> _Work instruction_
Your copy should match the listing below word for word, with no images in it.
==== Supplied data ====
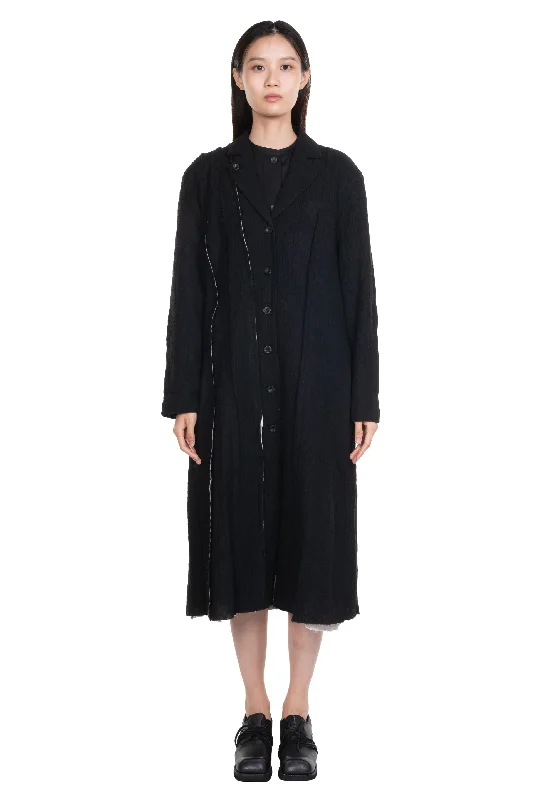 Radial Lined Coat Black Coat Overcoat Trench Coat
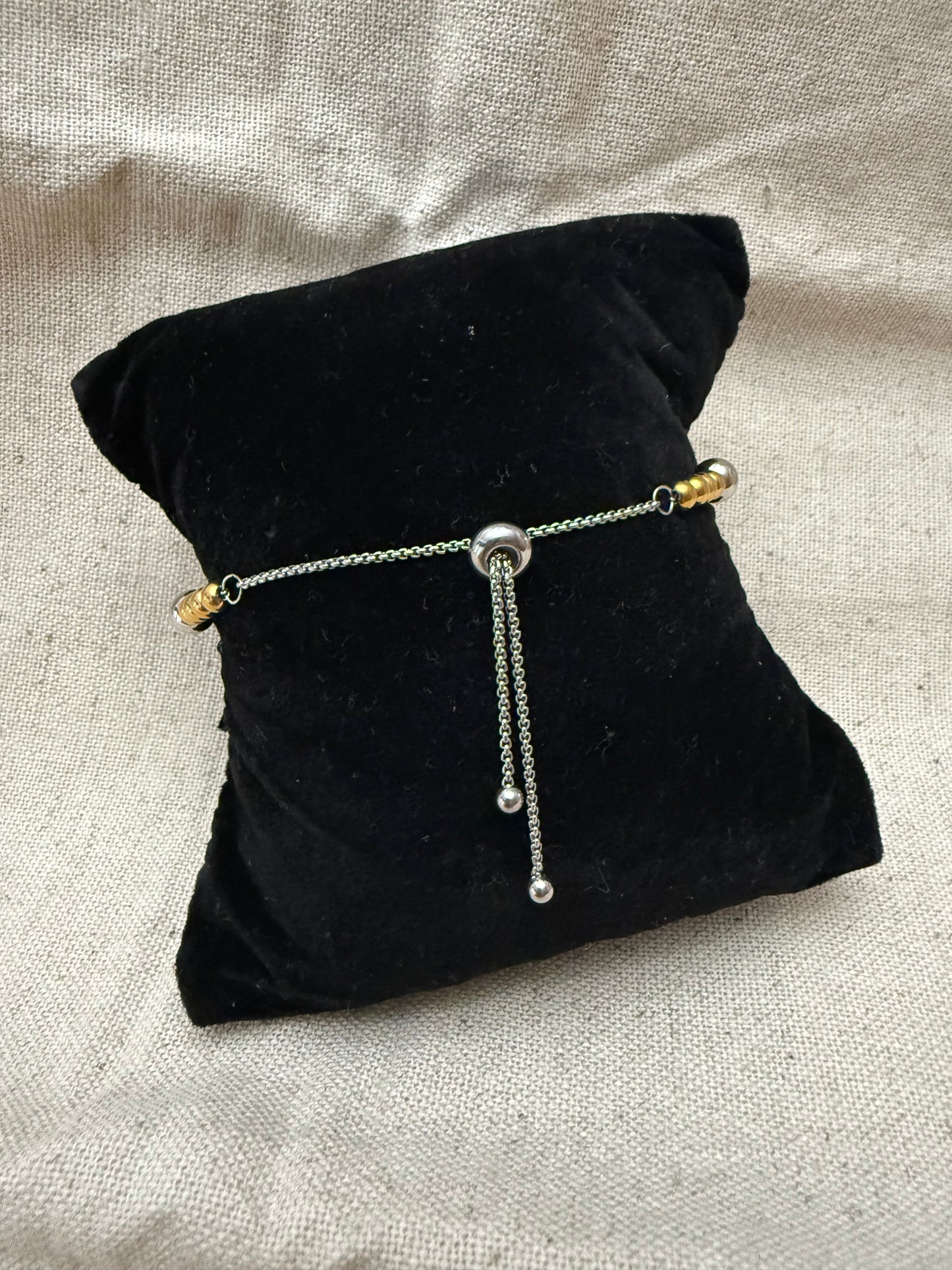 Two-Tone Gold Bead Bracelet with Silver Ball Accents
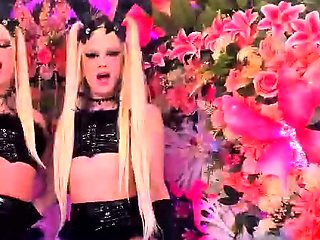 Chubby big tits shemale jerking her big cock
====
> _Written reply_
 Radial Lined Coat Black Coat Overcoat Trench Coat
 Two-Tone Gold Bead Bracelet with Silver Ball Accents
 Chubby big tits shemale jerking her big cock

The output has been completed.